Tout au bout des remparts, la vue est imprenable sur Sa Penya, l'ancien quartier des pêcheurs avec ses constructions blanches bâties sur une avancée rocheuse. En se retournant, c'est la façade de l' église Sant Domingo, un ancien couvent dominicain (fin 16e s.) que l'on voit se profiler au bout d'un petit jardin paisible et arboré.
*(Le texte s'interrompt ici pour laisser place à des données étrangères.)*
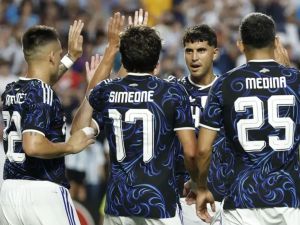 Sin arriesgarse, Argentina le ganó por 2-0 a Honduras en su amistoso pre-Mundial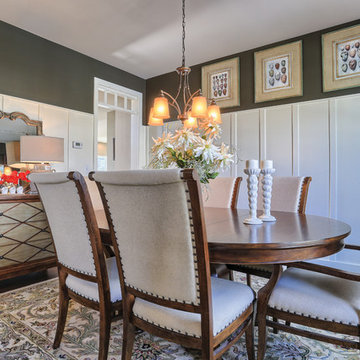 Dining Room | 982 Connell Street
En poursuivant le chemin de ronde on découvre d'autres points de vue grandioses sur la mer... sauf lorsque le parcours vous fait passer sous (ou à travers) les murailles !On emprunte en effet des corridors sous des voûtes sombres qui vous plongent dans l'atmosphère médiévale, celle des combattants de l'époque. Pour un peu on s'attendrait à croiser des hommes en armures au détour d'une des galeries. Afin de rendre plus distrayant les lieux, quelques pièces d'artillerie sont exposées au public, histoire de rendre compte de l'aspect défensif de cette forteresse,
Le sommet de la ville haute est maintenant atteint, nous venons d'arriver sur la place de la cathédrale. Un imposant édifice religieux catholique datant du 14e s. pour sa plus grande partie... mais deux chapelles latérales on été ajoutées au 16e, une abside gothique et pour l'intérieur la décoration s'inspire du style baroque du 18e s.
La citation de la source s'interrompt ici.